# BRIEF:
Reproduce nothing beyond the line containing "Ảnh đẹp lao động: Mùa ép dầu phụng - ảnh 8". From the first line of the data below down to it, copy each line exactly, without the pictures.

# DATA UNDER STUDY:
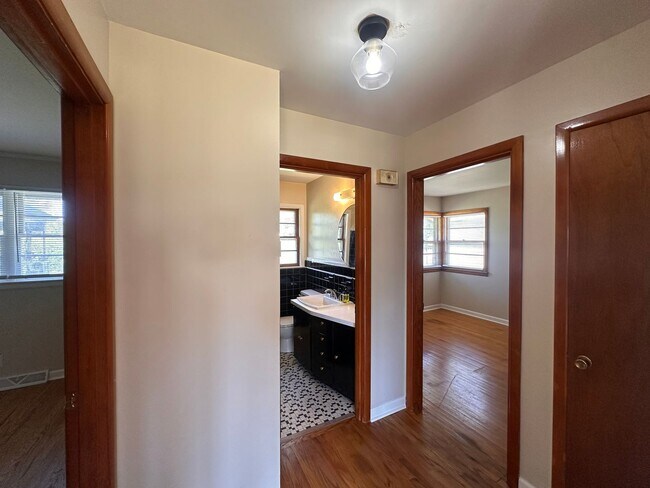 Building Photo - 4806 Imperial Terrace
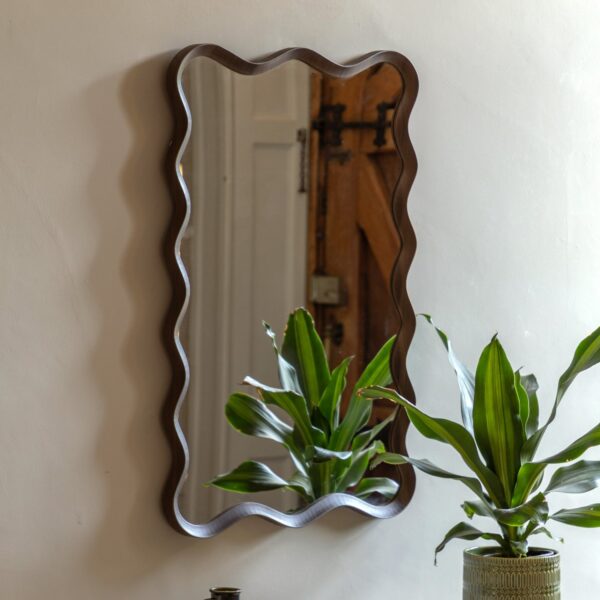 Wiggle Mirror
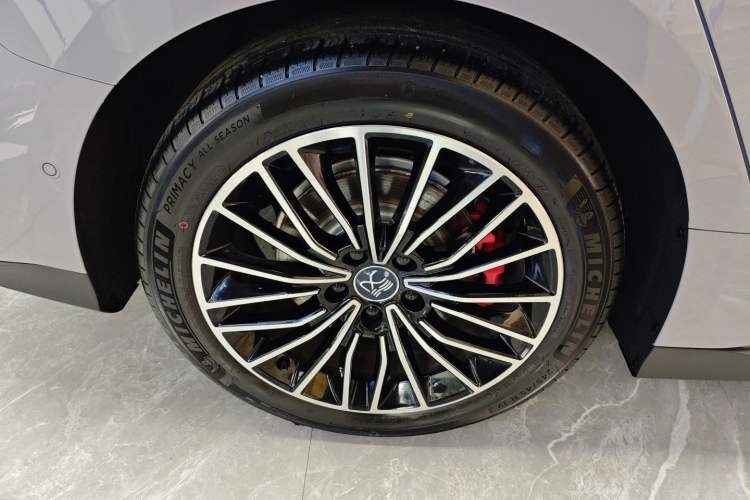 Used BYD Han 2025 EV Intelligent Driving Edition 701KM LiDAR Flagship Model
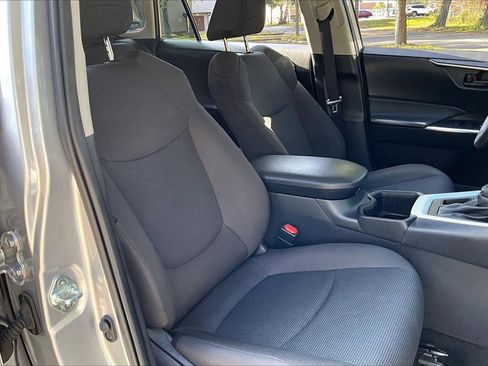 Used 2024 Toyota RAV4 LE image 26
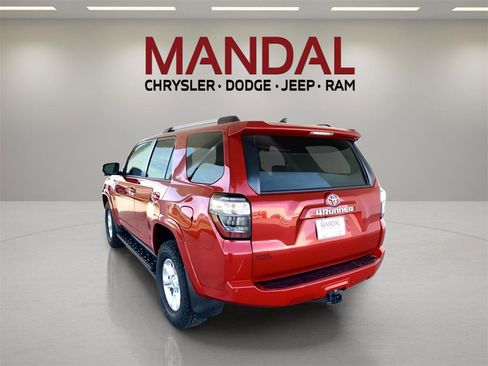 Used 2022 Toyota 4Runner SR5 Premium image 8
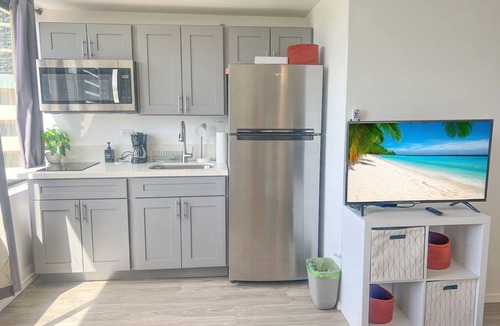 McCully - Moiliili Condo | Trendy Hawaiian Monarch Studio | Ocean View | Pool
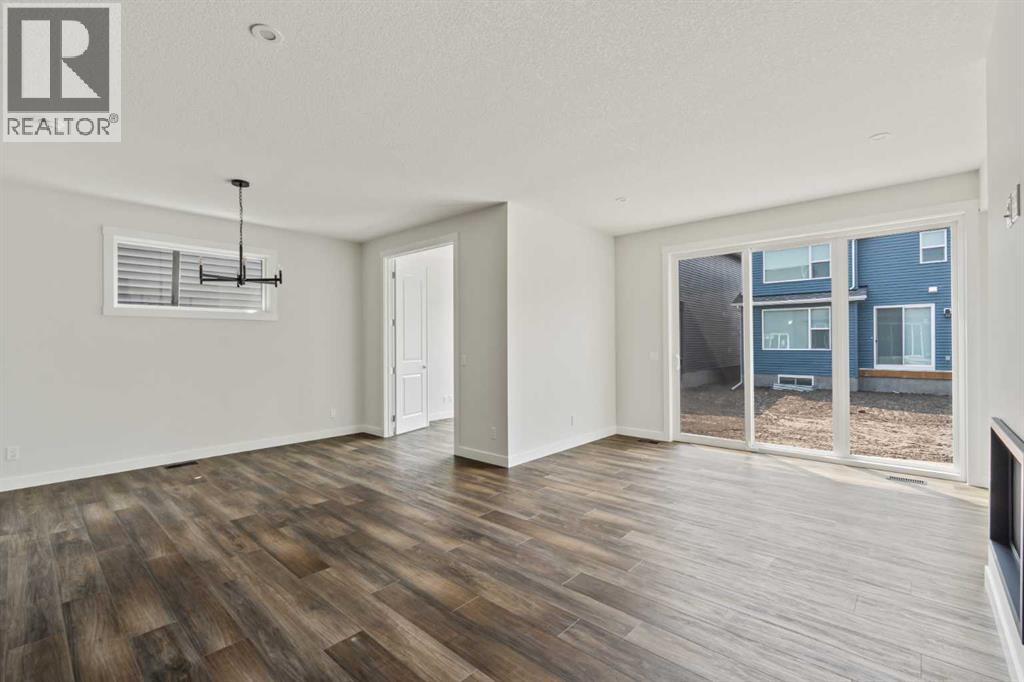 Single Family House for Sale in  Silver Spruce Bay SW Silverado Calgary 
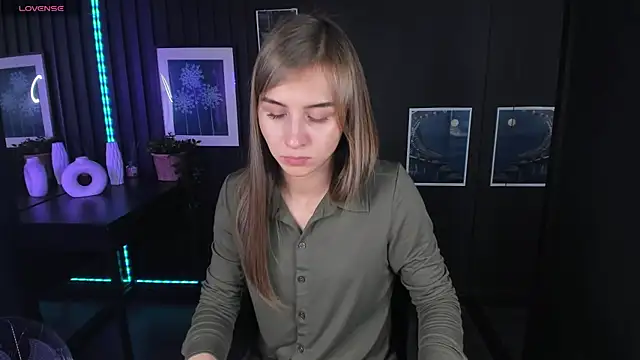 CharmBianca online show from 8, 2, 2025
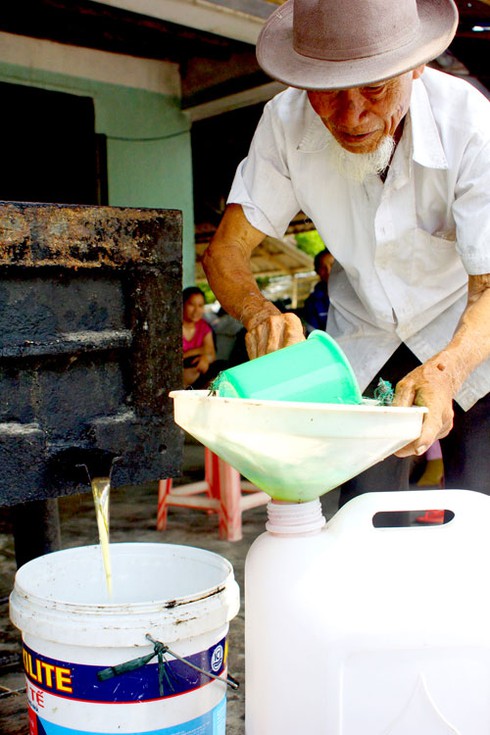 Ảnh đẹp lao động: Mùa ép dầu phụng - ảnh 8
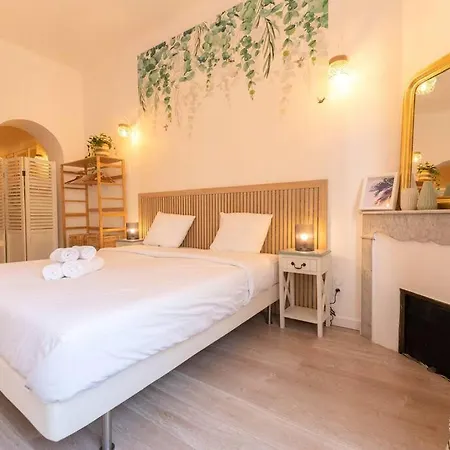 Magnifique 3 Pieces, Centre Apartment *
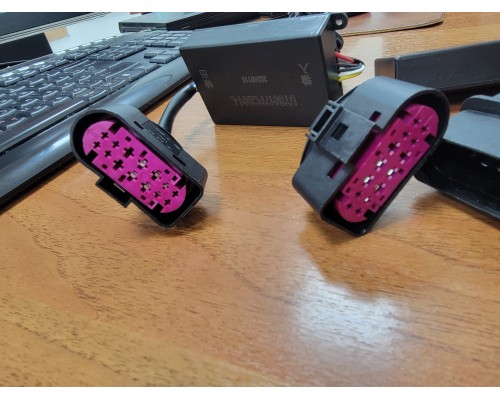 Переходник со штатных фар Tesla Model S 17-21 (до рестайлинга) на фары Alpharex 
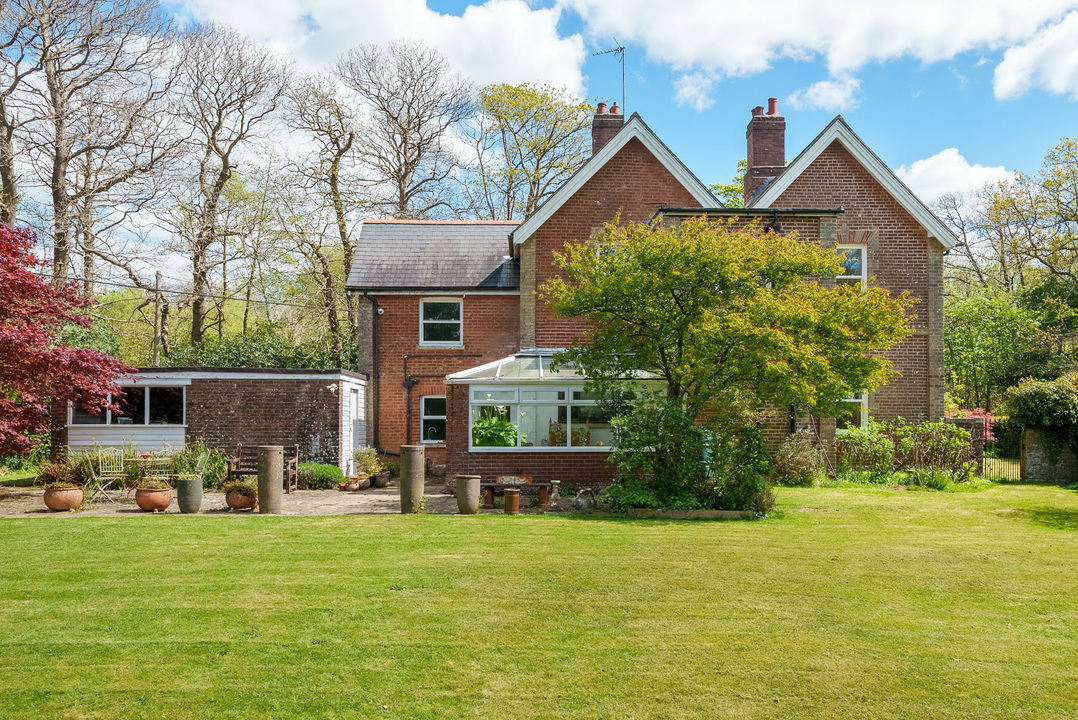 4 bed detached house for sale in South Lodge, Buchan Hill, Pease Pottage, Crawley  - Property Image 8
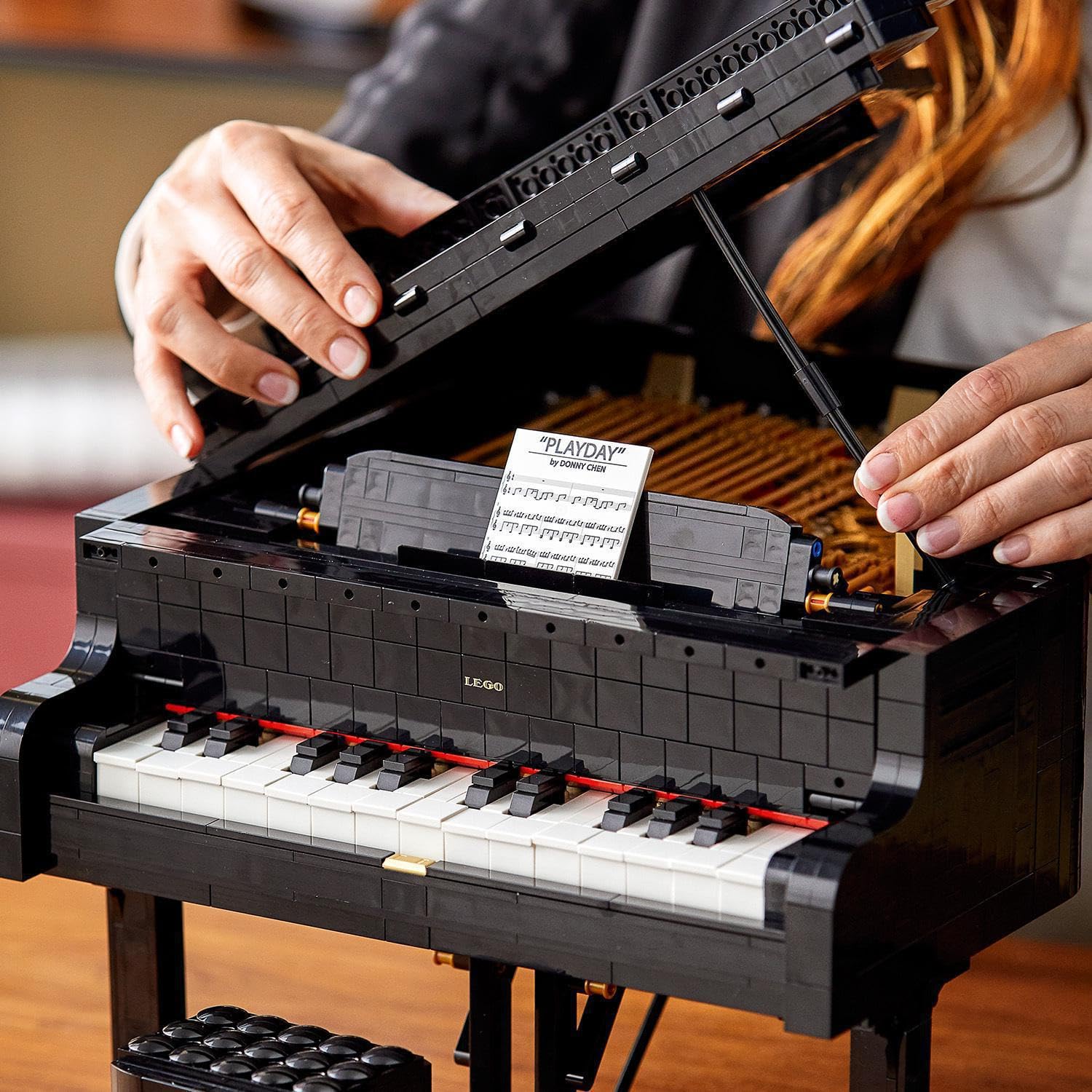 LEGO Ideas Kuyruklu Piyano 21323 – Yetişkinler için İnteraktif Yapım Seti, Hobi Tutkunları ve Müzik Severler için Sergilenebilir Model, Özel Günler için Harika Hediye Fikri (3662 Parça)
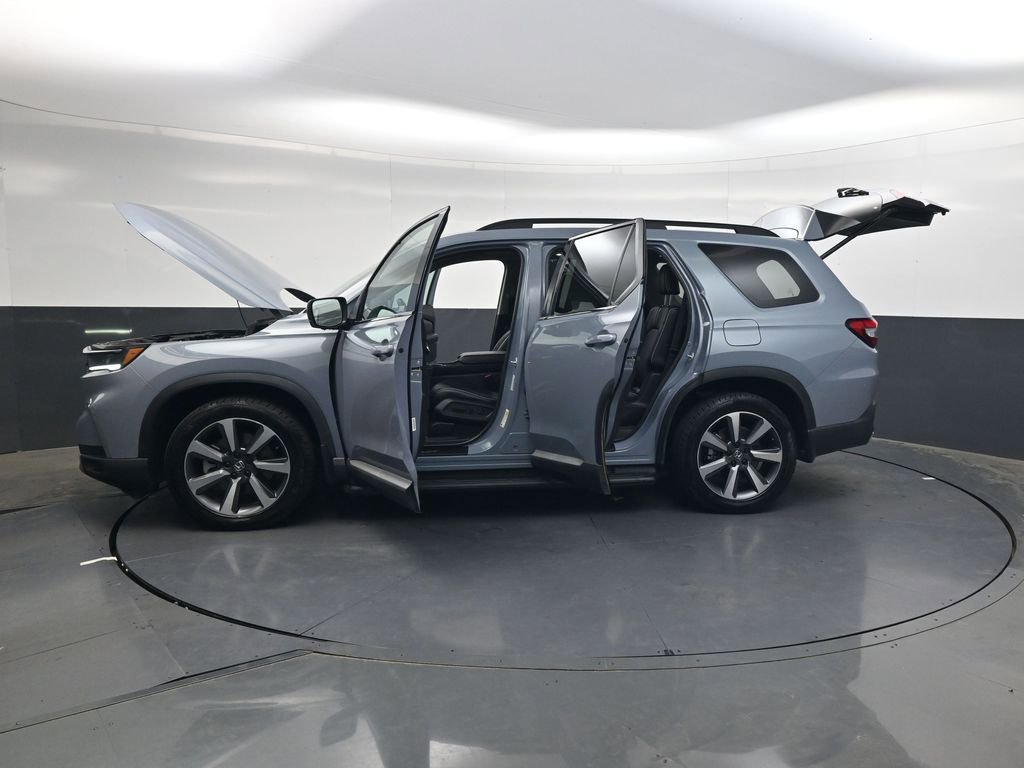 Used 2024 Honda Pilot Elite image 36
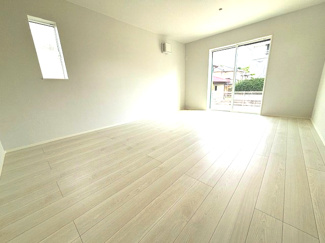 【居間・リビング】 | 東広島市黒瀬樽原西1丁目　全2区画　NO2【54坪】 | 大きな窓が設置された16帖リビング☆　対面式のキッチンでリビングが見渡せるので、お子様やご家族の様子が見えて安心です♪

# EXERCISE SOLUTION:
 Building Photo - 4806 Imperial Terrace
 Wiggle Mirror
 Used BYD Han 2025 EV Intelligent Driving Edition 701KM LiDAR Flagship Model
 Used 2024 Toyota RAV4 LE image 26
 Used 2022 Toyota 4Runner SR5 Premium image 8
 McCully - Moiliili Condo | Trendy Hawaiian Monarch Studio | Ocean View | Pool
 Single Family House for Sale in  Silver Spruce Bay SW Silverado Calgary 
 CharmBianca online show from 8, 2, 2025
 Ảnh đẹp lao động: Mùa ép dầu phụng - ảnh 8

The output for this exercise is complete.